▶ [Required action]
Each line in the records below, from the one that contains "Homoyoyo Lingettes Industrielles" to the one that contains "Low Volume Injection", should be reproduced exactly, the first and last included.

*** The data ***

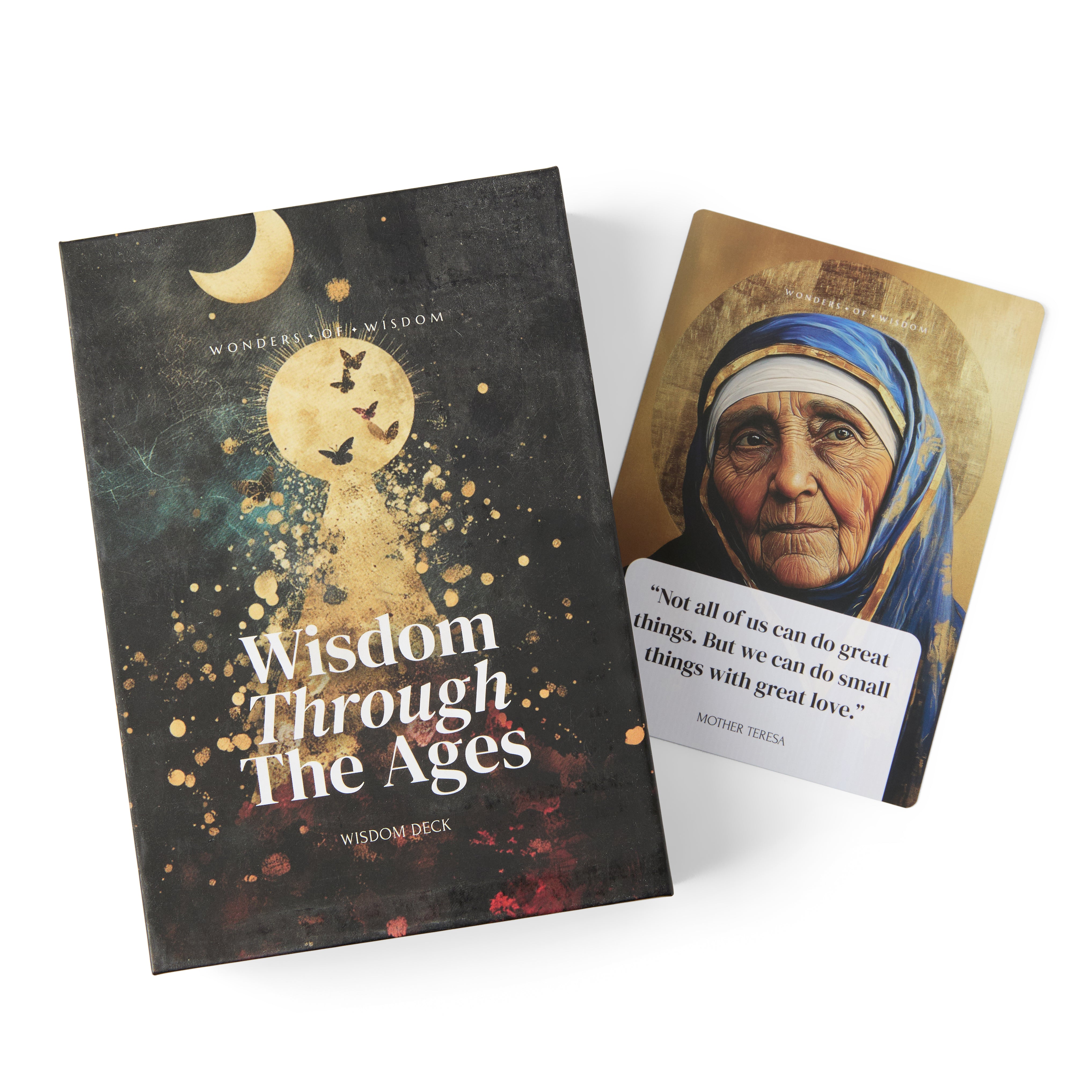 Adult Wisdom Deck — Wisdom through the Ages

*** End of The data ***
*** The data ***

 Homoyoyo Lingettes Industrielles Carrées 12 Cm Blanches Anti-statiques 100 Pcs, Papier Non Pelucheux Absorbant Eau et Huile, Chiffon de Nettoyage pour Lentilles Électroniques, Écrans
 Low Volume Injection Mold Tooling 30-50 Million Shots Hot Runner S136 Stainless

*** End of The data ***
*** The data ***

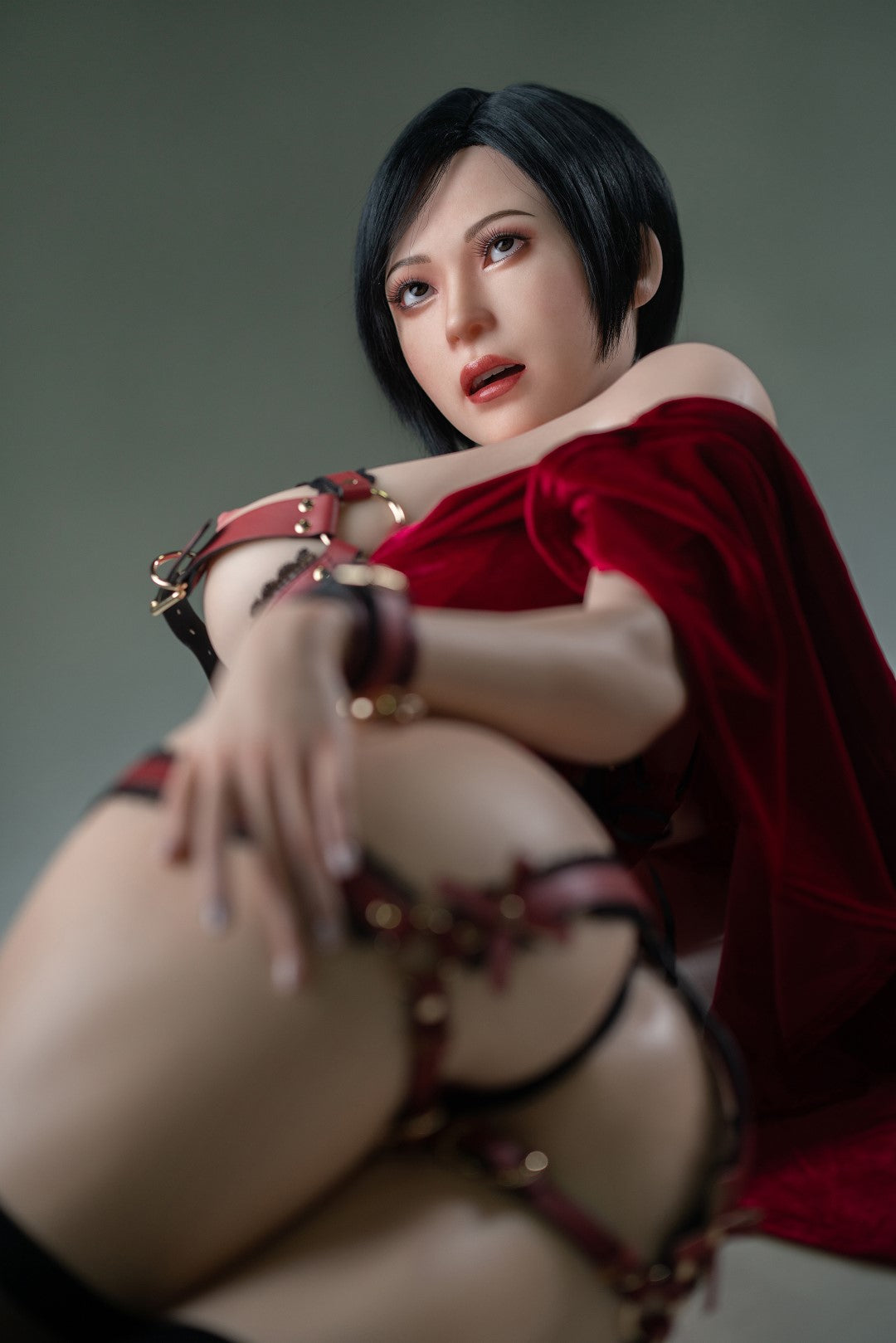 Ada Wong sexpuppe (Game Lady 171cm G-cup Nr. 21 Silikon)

*** End of The data ***

▶ [Response to the task]
 Homoyoyo Lingettes Industrielles Carrées 12 Cm Blanches Anti-statiques 100 Pcs, Papier Non Pelucheux Absorbant Eau et Huile, Chiffon de Nettoyage pour Lentilles Électroniques, Écrans
 Low Volume Injection Mold Tooling 30-50 Million Shots Hot Runner S136 Stainless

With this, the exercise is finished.